So whether you eat or drink or whatever you do, do it all for the glory of God.
– 1 Corinthians 10:31, NIV
There are many ways that a woman can treat her Polycystic Ovarian Syndrome. When I was diagnosed, I found out there was no cure for PCOS. More often than not, doctors like to prescribe a variety of pills or natural remedies that may or may not work and, upon the next office visit, will ask whether you feel better or worse taking those pills.
My family and I decided early on that we would let an Endocrinologist handle everything that goes on regarding my PCOS. My regular doctor at the time, whom we loved, had no knowledge regarding what I had. She did help us find the Endo that I now see on an annual basis, though.
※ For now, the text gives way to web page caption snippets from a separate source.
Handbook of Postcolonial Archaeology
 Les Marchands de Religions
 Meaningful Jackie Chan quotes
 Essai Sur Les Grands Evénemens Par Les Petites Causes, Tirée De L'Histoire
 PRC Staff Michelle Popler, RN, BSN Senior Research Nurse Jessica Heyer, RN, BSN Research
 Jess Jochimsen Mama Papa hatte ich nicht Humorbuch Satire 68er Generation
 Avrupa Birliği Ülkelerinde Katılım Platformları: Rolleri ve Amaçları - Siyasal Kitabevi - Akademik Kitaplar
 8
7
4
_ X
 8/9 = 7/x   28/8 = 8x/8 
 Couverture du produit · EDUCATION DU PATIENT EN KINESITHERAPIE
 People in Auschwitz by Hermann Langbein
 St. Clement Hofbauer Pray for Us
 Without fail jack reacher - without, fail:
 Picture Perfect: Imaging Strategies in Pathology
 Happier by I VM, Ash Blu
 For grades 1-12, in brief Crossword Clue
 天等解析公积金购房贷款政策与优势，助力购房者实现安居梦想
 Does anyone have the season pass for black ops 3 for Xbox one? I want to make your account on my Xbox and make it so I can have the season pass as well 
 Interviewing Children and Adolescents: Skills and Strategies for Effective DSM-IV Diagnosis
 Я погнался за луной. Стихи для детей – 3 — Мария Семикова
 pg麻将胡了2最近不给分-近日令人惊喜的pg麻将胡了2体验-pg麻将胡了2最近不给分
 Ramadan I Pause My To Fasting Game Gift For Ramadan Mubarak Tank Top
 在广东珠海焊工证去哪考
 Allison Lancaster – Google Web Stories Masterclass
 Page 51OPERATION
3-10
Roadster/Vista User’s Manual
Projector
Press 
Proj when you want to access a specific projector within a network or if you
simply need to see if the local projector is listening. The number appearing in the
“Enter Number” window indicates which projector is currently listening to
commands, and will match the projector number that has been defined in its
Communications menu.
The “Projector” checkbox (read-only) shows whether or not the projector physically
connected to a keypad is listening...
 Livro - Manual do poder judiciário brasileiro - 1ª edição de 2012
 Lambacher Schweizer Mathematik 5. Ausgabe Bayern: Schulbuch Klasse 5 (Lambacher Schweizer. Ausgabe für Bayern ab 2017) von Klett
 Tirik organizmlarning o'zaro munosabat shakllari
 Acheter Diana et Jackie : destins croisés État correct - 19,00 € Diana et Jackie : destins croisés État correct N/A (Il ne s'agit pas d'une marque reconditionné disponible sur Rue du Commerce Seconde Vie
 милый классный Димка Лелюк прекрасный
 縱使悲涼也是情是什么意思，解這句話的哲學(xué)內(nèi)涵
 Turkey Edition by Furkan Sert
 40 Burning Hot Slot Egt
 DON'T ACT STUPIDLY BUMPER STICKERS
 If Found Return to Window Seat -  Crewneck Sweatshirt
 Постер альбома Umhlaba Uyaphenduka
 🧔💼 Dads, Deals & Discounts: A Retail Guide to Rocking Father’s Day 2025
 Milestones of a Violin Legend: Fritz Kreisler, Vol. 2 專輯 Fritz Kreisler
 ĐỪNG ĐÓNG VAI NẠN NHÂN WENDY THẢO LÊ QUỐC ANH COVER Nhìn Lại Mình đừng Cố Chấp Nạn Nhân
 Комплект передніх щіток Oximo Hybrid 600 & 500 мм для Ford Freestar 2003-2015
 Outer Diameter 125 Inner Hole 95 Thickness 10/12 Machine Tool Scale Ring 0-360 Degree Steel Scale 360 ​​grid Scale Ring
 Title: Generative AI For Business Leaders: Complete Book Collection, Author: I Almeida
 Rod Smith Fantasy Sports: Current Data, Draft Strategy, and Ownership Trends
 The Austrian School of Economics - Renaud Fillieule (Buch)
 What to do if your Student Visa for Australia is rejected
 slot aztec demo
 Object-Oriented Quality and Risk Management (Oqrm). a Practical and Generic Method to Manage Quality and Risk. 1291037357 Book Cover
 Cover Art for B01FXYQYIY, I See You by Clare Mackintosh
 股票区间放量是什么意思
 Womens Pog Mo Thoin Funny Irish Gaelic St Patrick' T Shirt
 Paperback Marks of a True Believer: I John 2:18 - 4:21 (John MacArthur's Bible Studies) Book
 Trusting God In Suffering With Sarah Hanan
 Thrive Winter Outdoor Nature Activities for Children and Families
Endocrinologists are most widely used to treat Diabetes. Their knowledge regarding that disease is priceless. Because PCOS and Diabetes are so closely related, they are often seen as those with the best knowledge in that particular area of medicine. But for my Endo, it is still a lot of guess work. She has kept me on two different medications since I was 15, and they seem to have worked. But other women with PCOS have tried the same combination and have failed to see positive results.
So, the question is, what does a woman with PCOS take in order to treat herself? Here is a list of the top 5 PCOS treatments:
1. Metformin: One of the medicines I have taken since I was diagnosed is Metformin. According to Mayo Clinic, Metformin is “an oral medication for type 2 diabetes that improves insulin resistance and lowers insulin levels.” The theory is that if one can lower Insulin levels, then they can level out thier hormones and begin to lose weight. It also helps regulate a woman’s meunstral cycle. Taking this medicine can be quite scary at the beginning. Many women, including myself, experience nausea during the first month of taking this pill. I quickly learned not to take my Metformin in the morning. Rather, I took it at night after eating something. Since that first month, I have not experienced any negative side effects.
2. Spironolactone: This is the second medication I use. Spironolactone is widely used to combat the testosterone levels in women with PCOS. Also said to fight hursutism, this medicine greatly reduces the amount of time spent shaving every week. It also helped me with my acne, which had been a consistent problem from the time I was 10 years old. Once I began taking this medicine, my acne began to go away. Since then, I’ve only had the occasional break- out.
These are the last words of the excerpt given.